Lelaki Tua itu pada akhirnya dapat membuktikan bahwa ia bisa mengubah ketidakberuntungannya dengan mendapatkan ikan besar di tengah laut. Tetapi darah ikan besar itu tercium oleh hiu-hiu dan terjadilah perkelahian antara Lelaki Tua dan hiu. Hiu-hiu itu berhasil dibunuhnya tetapi mereka sempat memakan sebagian ikan besar tangkapan Lelaki Tua itu dan hanya kepala, sebagian daging serta bagian belakang yang tersisa. Sesampai di darat tanpa menghiraukan ikan tangkapannya Lelaki Tua itu pergi ke gubuknya dan tidur.

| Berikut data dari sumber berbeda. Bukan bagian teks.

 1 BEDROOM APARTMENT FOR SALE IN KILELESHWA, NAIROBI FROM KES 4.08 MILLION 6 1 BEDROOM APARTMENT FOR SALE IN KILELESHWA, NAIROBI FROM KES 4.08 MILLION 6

            Begitulah kira-kira ringkasan cerita The Old Man and The Sea. Karena diterjemahkan dengan dua penerjemah yang berbeda tentu saja terdapat perbedaan pula dalam bentuk penyampaian ceritanya. Mengenai dua terjemahan The Old Man and The Sea yang diterjemahkan oleh Sapardi dan Dian maka terdapat pula perbedaan dalam gaya bercerita. Dalam terjemahan Sapardi terdapat kalimat sebagai berikut :
Ia seorang lelaki tua yang sendiri saja dalam sebuah perahu menangkap ikan di Arus Teluk Meksiko dan kini sudah genap delapan puluh empat hari lamanya tidak berhasil menangkap seekor ikanpun. (Damono, 1983: 5)

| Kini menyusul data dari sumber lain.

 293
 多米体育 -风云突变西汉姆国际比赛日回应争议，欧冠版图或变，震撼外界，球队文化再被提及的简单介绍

Sedangkan Dian menerjemahkan sebagai berikut:
Adalah seorang lelaki tua yang pergi ke laut seorang diri dalam sebuah perahu di Arus Teluk Meksiko yang telah berlayar selama 84 hari tanpa membawa hasil ikan seekorpun. (Ellyati, 2008: 3)

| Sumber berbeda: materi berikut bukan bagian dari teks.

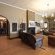 Angora Lodge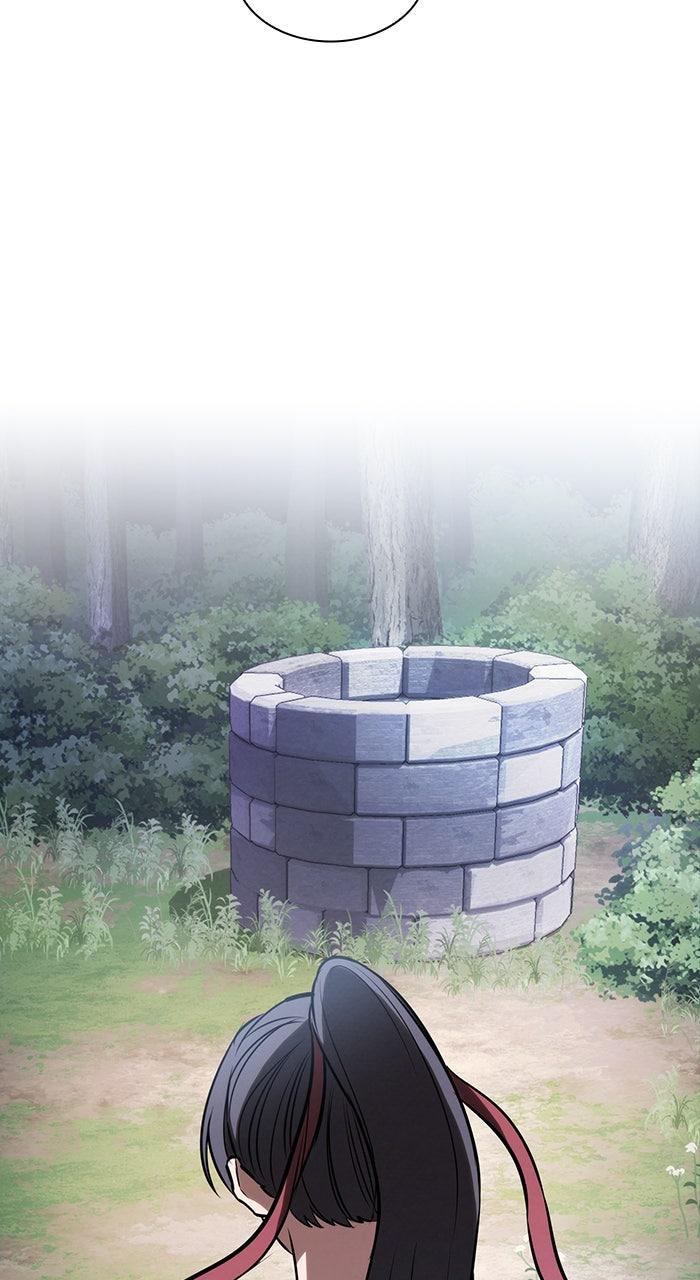 The Spy Life in the Demonic Sect Chap 29 - Next Chap 30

            Jika dilihat memang sama saja apa yang mereka sampaikan. Tapi pada kata ‘sendiri saja’ dalam kalimat Sapardi dan ‘seorang diri’ dalam kalimat Dian terdapat perbedaan. Bagaimana Sapardi menggambarkan sosok Lelaki Tua yang sendiri saja dan Dian yang menggunakan kalimat sosok Lelaki Tua yang pergi ke laut seorang diri. Kata ‘sendiri saja’ yang berarti bahwa lelaki tua itu memang sendiri baik itu ketika dia di darat maupun di laut. Tetapi kata ‘seorang diri’ berarti bahwa lelaki tua itu seorang diri saja ketika pergi ke laut tetapi setelah kembali dari laut dia sudah tidak sendiri lagi
Ada lagi contoh pemilihan kata berbeda dalam terjemahan Sapardi dan Dian.
“ya,” kata anak itu. “ Mau kau kutraktir bir di teras dan sesudah itu  kita bawa pulang perlengkapan ini?”
“kenapa tidak?” kata lelaki tua itu. “kita sama-sama nelayan.” (Damono, 1983: 7)
Berbeda dengan Sapardi, Dian menerjemahkannnya sebagai berikut :
“ya,” si bocah menjawab. ”Bolehkah aku menawarimu segelas bir di beranda dan kemudian kita akan membawa peralatan ke rumah.”
“ kenapa tidak?” lelaki tua itu berkata. “sebagai sesama lelaki.” (Ellyati, 2008: 4)
            Pada kalimat di atas dilihat Sapardi menggunakan kata ‘anak’ sementara Dian menggunakan kata ‘bocah’. Dalam KBBI anak berarti keturunan yang kedua sedangkan bocah berarti anak (kecil), kanak-kanak. Jika dikembalikan kepada contoh teks di atas, penggunaan kata ‘bocah’ dan ‘anak’ terasa berbeda maknanya. Bocah cenderung kepada anak-anak kecil yang masih polos (belum tahu apa-apa) sementara di dalam teks Manolin adalah seorang yang bukan anak kecil lagi bahkan sudah bisa berlayar dan minum bir.
            Kemudian pada kata ‘kita sama-sama nelayan’ oleh Sapardi dan kata ‘sebagai sesam lelaki’ oleh Dian juga terdapat perbedaan. Jika ‘nelayan’ bisa saja pada kedua jenis kelamin, yaitu lelaki dan perempuan tetapi ‘lelaki’ juga tidak semuanya nelayan. Namun dalam kasus ini penggunaan kata ‘kita sama-sama nelayan’ menunjukkan bahwa nelayan saja yang berhak untuk meminum bir. Sedangkan pada kata ‘lelaki’ terkesan seperti terlihat kelaki-lakiannya dengan menerima tawaran meminum bir tersebut. Tapi terlepas dari pemaknaan itu semua, semuanya dikembalikan lagi kepada pembaca mana yang terasa lebih enak.
Di luar dari siapapun sang penerjemah, masyarakat sebagai penikmat karya sastra membutuhkan penerjemah yang mampu menerjemahkan sebuah karya sastra dengan terjemahan yang baik. Di luar baik atau tidaknya terjemahan tersebut kita sebagai pembaca tidak bisa mengatakan terjemahan siapa yang benar dan yang salah. Karena setiap orang berbeda-beda dalam tingkat pemahaman dan cara menafsirkan sesuatu.